» What needs to be done
Find the line with "Side view of" in the data below. Repeat it and every line after it up to the end, exactly, but drop the pictures.

» Entries shown

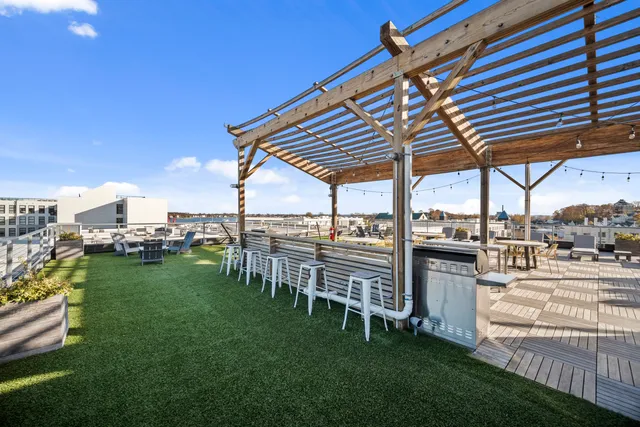 a view of a patio with a table and chairs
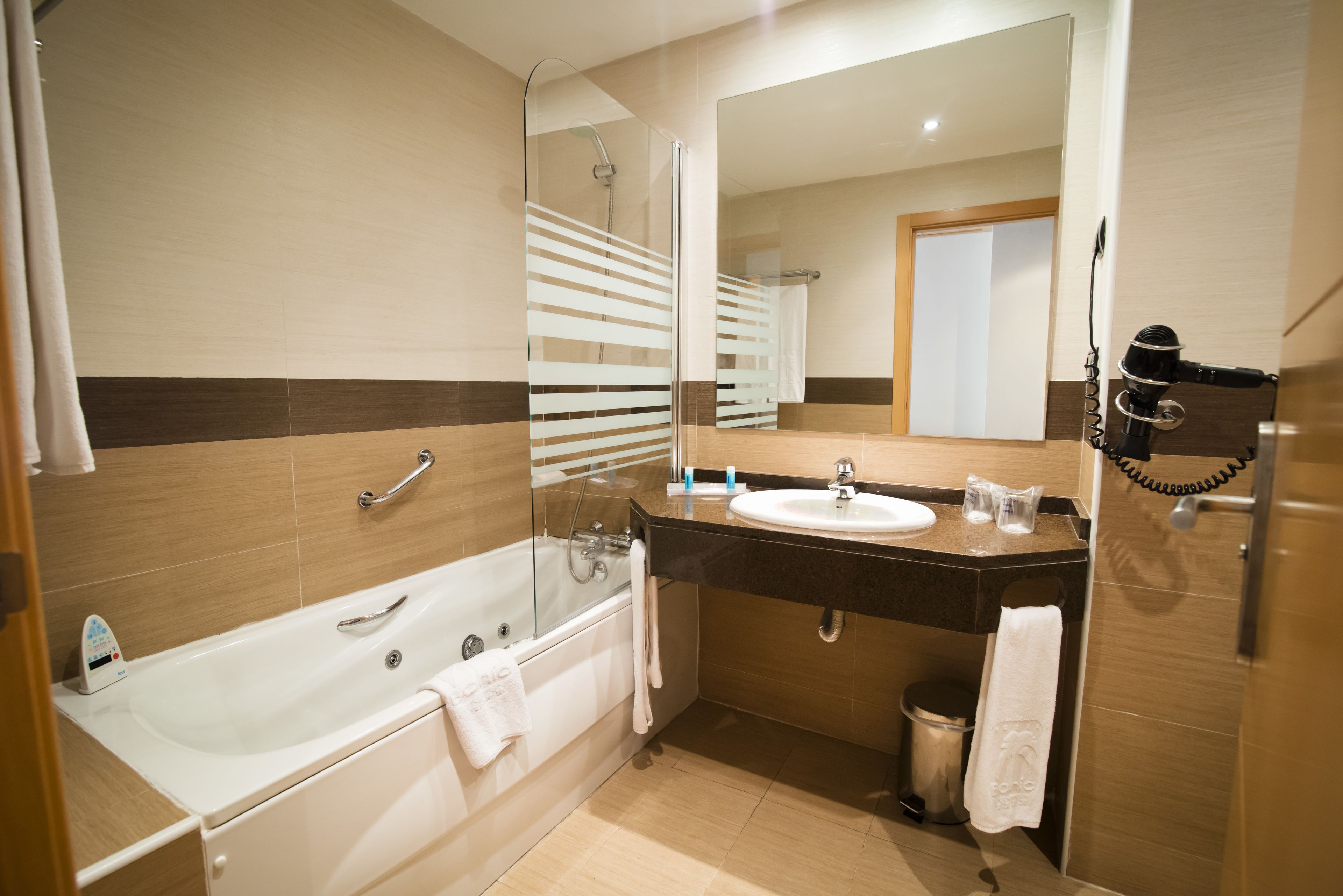 bathtub, free toiletries, hair dryer, towels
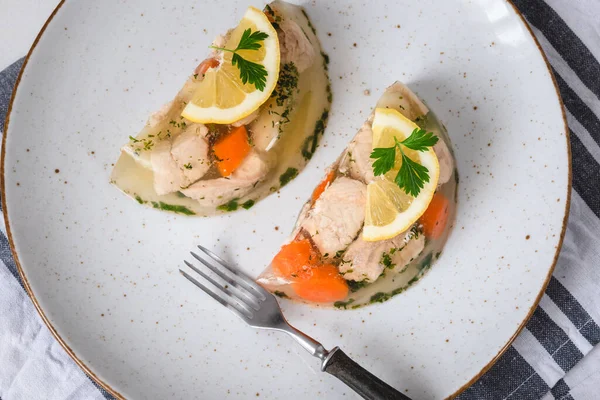 Fish in aspic with vegetables. Fish in jelly. Fish with gelatin.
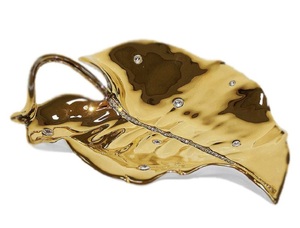 A dish in the shape of a leaf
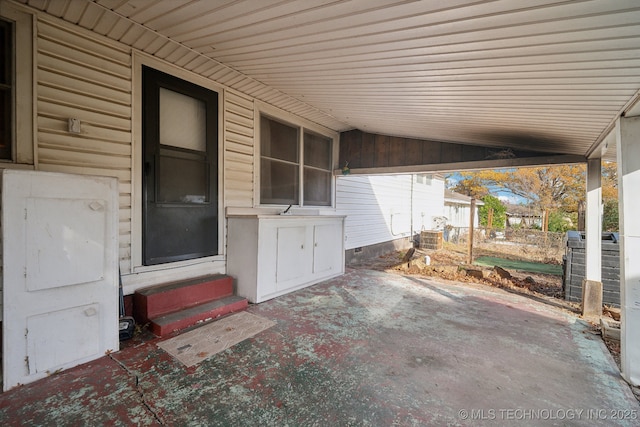 5856 E 22nd St, Tulsa, OK 74114 - view of patio / terrace featuring entry steps, a carport, and central AC unit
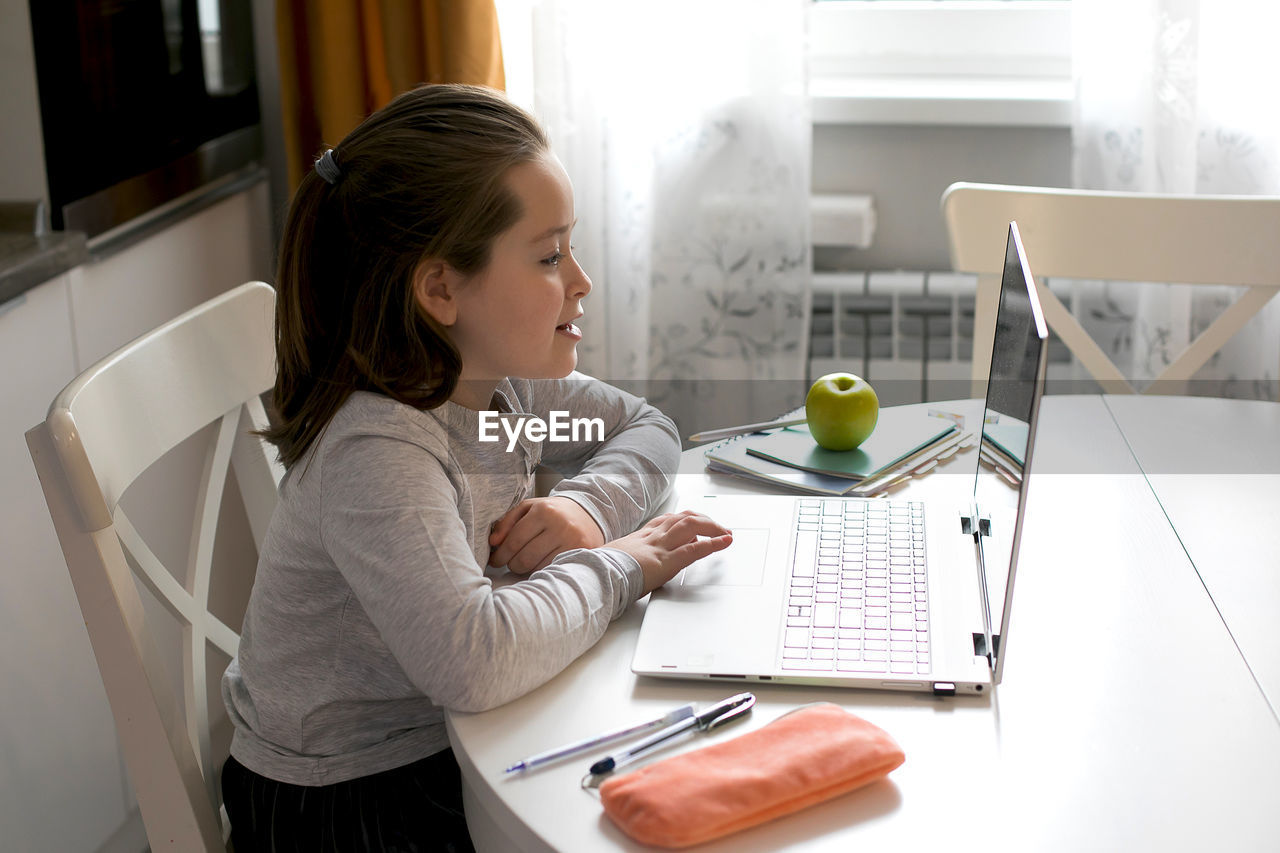 Side view of girl studying over laptop at home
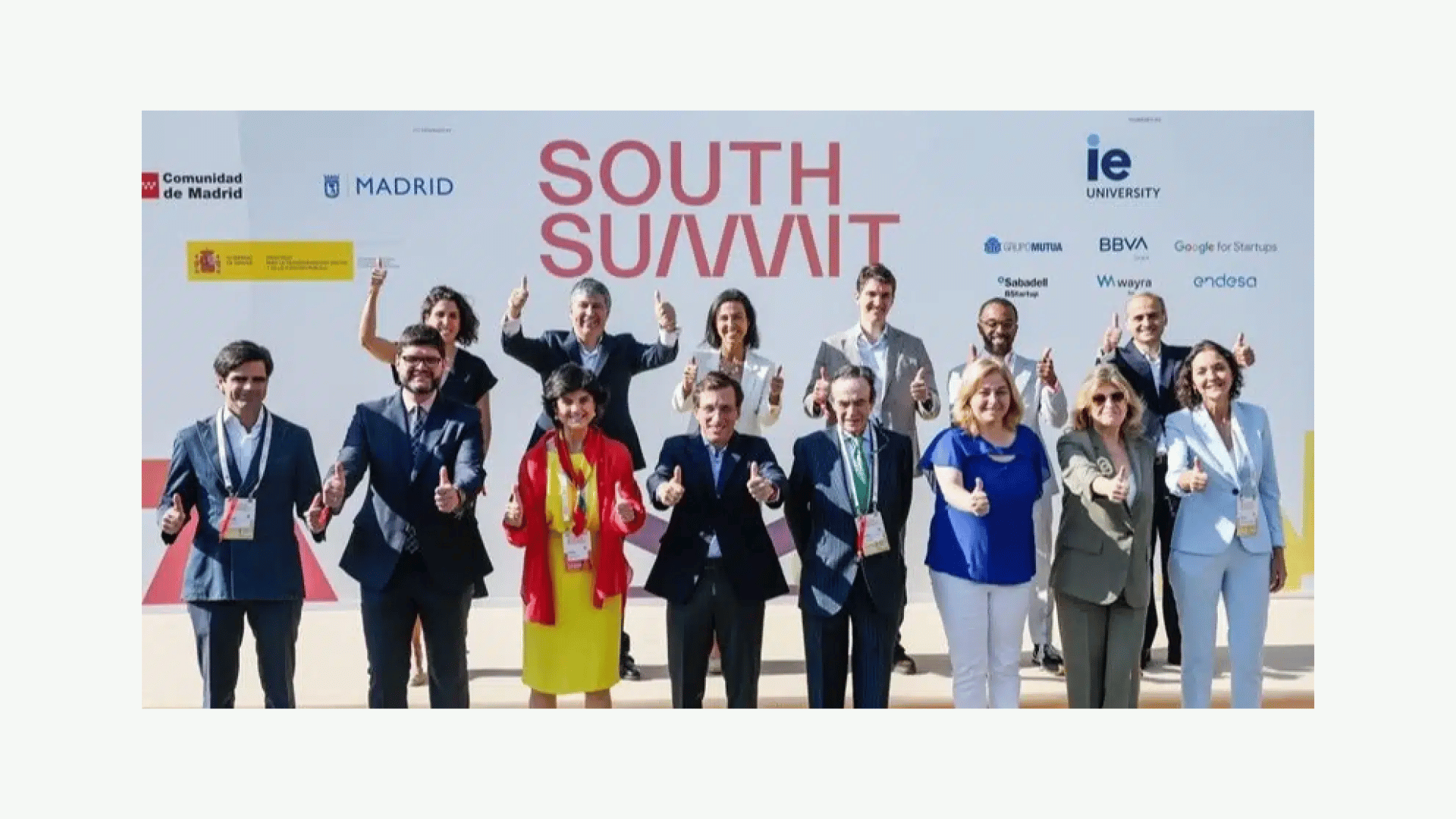 Diverse group of startup founders networking at an innovation conference in Spain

» Result below
 Side view of girl studying over laptop at home
 Diverse group of startup founders networking at an innovation conference in Spain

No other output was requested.